DEV Community

Cover image for I taught Hermes Agent to predict which API changes will break my system
Lewis Sawe
Lewis Sawe Subscriber

Posted on

I taught Hermes Agent to predict which API changes will break my system

Hermes Agent Challenge Submission: Build With Hermes Agent

This is a submission for the Hermes Agent Challenge: Build With Hermes Agent

What I Built

Drift Detective is an MCP server that turns Hermes Agent into an API contract mutation tracker. It probes your microservices on a cron schedule, stores response shapes (fields, types, nesting depth), and classifies changes when they happen: additive, breaking, or cosmetic.

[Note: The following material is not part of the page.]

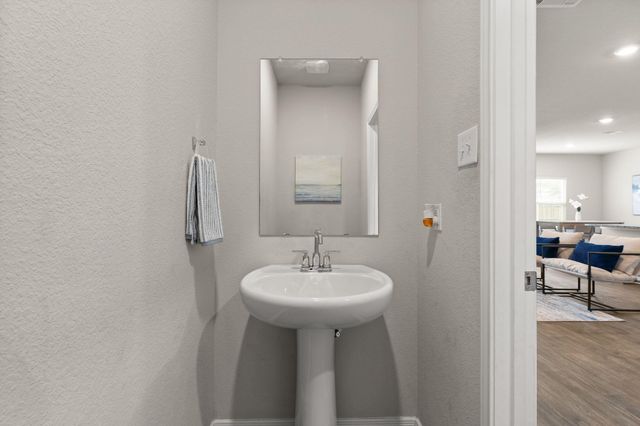 281 Jayden DR, Kyle, TX 78640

The interesting part: it learns. After you mark a few changes as "safe" or "breaking," it starts predicting. Week one it's noisy. Week three it knows that your payments service adding nullable fields is always fine, but your auth service changing any field name will break downstream consumers.

Demo

The demo runs against a local API server with four mutation stages:

Stage 1 (baseline): Agent records the shape of /api/users, /api/payments, /api/health.

Stage 2 (additive change): New fields appear. Agent flags them as low-urgency additive drift. I mark them "safe."

Stage 3 (breaking change): Fields get renamed and removed. Agent flags these as high-urgency breaking drift. I mark them "breaking."

Stage 4 (prediction fires): More fields get removed. This time the agent predicts "likely breaking" before I say anything. It recognized the removal pattern from my stage 3 feedback.

After a few interactions the alert quality is visibly different from probe 1. That's the whole point.

Code

Drift Detective

API contract mutation tracker that learns what breaks things.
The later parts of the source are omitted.